START Information shown

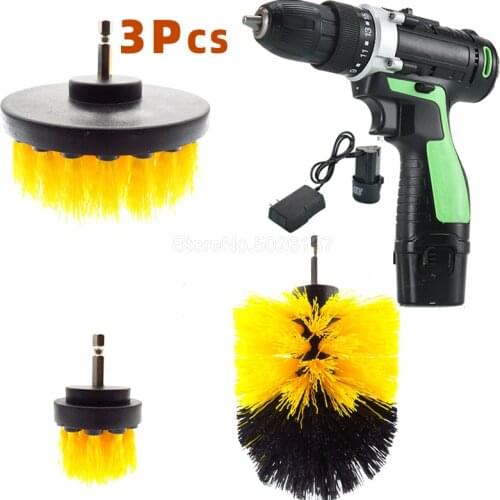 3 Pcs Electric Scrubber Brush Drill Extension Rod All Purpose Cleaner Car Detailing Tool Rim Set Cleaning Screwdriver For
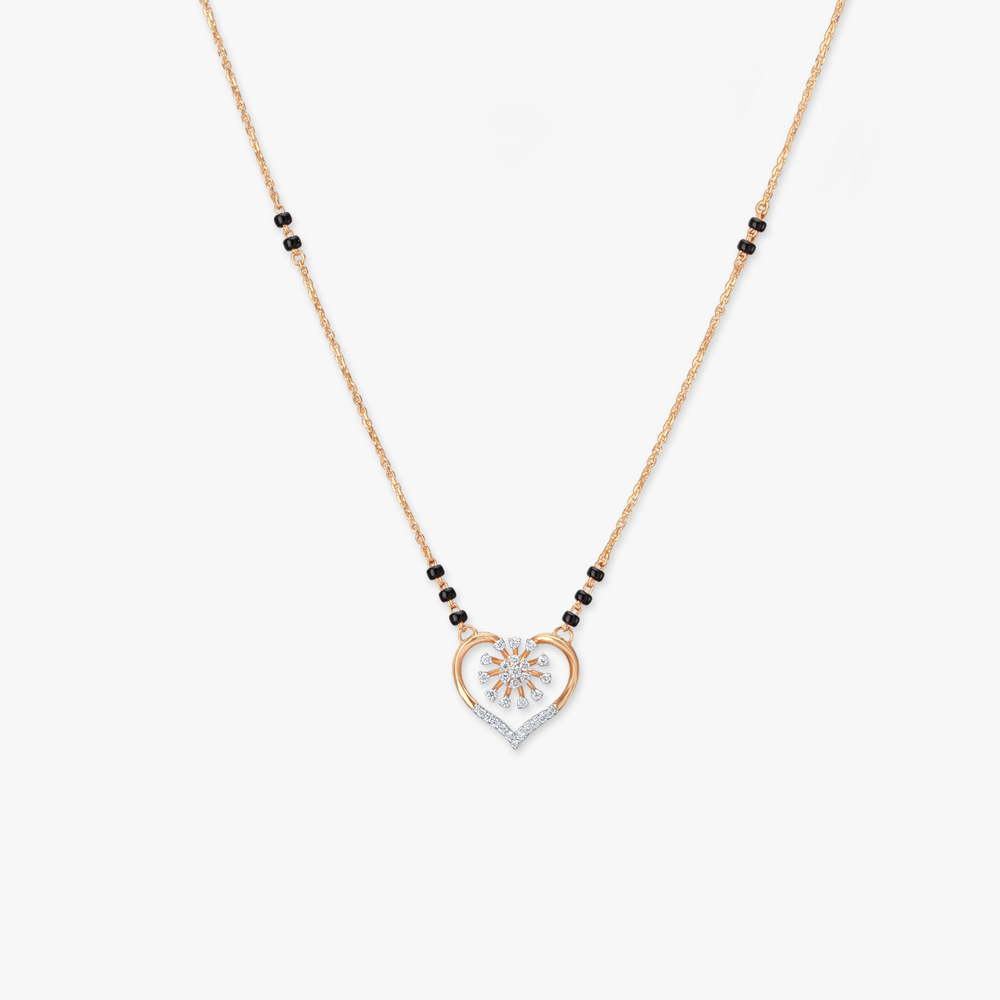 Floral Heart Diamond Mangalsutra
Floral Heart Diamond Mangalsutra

END Information shown
START Information shown

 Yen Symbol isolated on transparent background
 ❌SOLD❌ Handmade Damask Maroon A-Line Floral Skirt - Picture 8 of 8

END Information shown
START Information shown

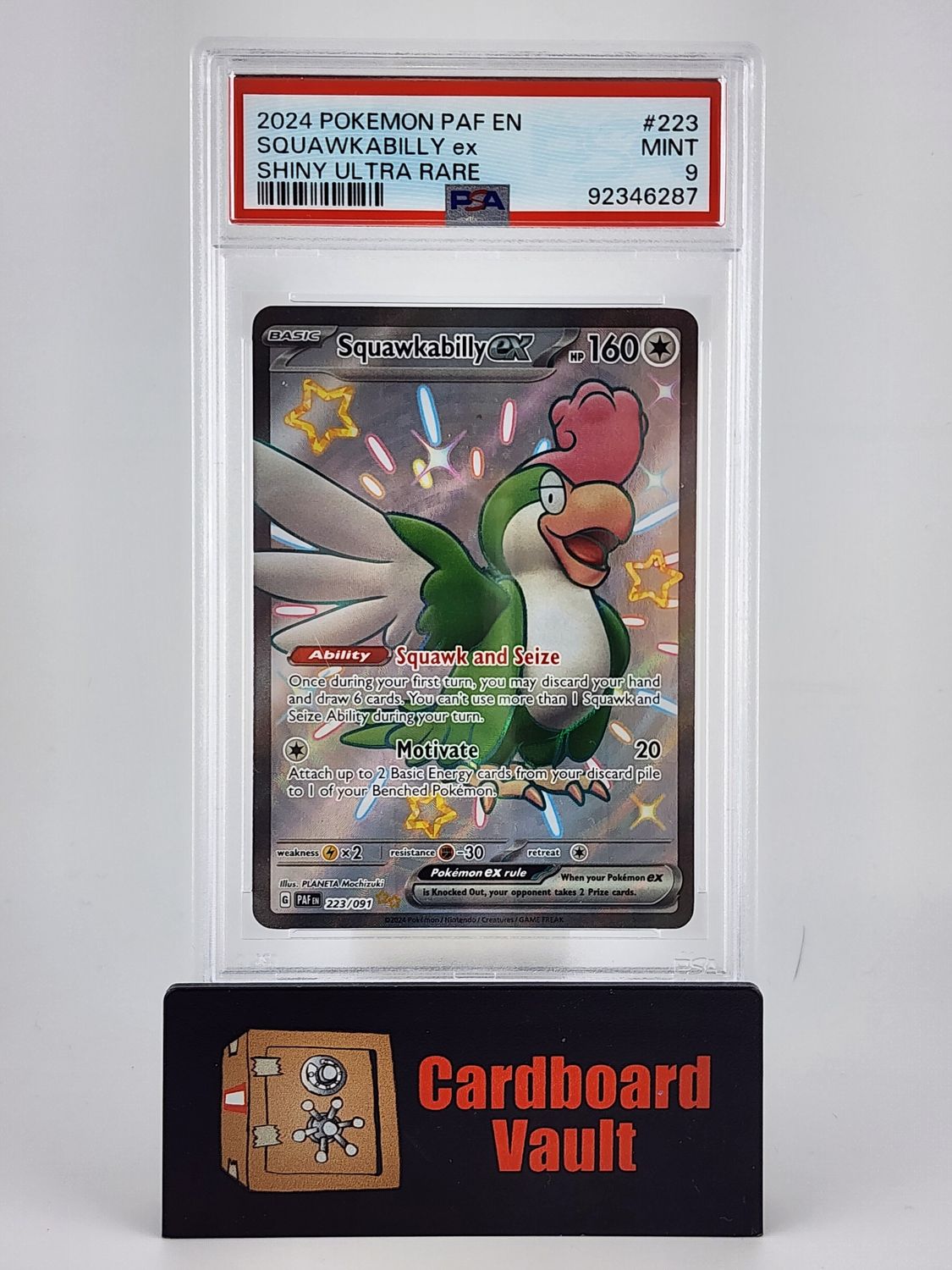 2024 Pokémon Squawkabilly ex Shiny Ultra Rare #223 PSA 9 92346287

END Information shown

> To do: Extract from the records above the lines from the one containing "Yen Symbol isolated" to the one containing "Picture 8 of 8", both lines included, exactly as they appear and with nothing else.

> Result of this exercise:
 Yen Symbol isolated on transparent background
 ❌SOLD❌ Handmade Damask Maroon A-Line Floral Skirt - Picture 8 of 8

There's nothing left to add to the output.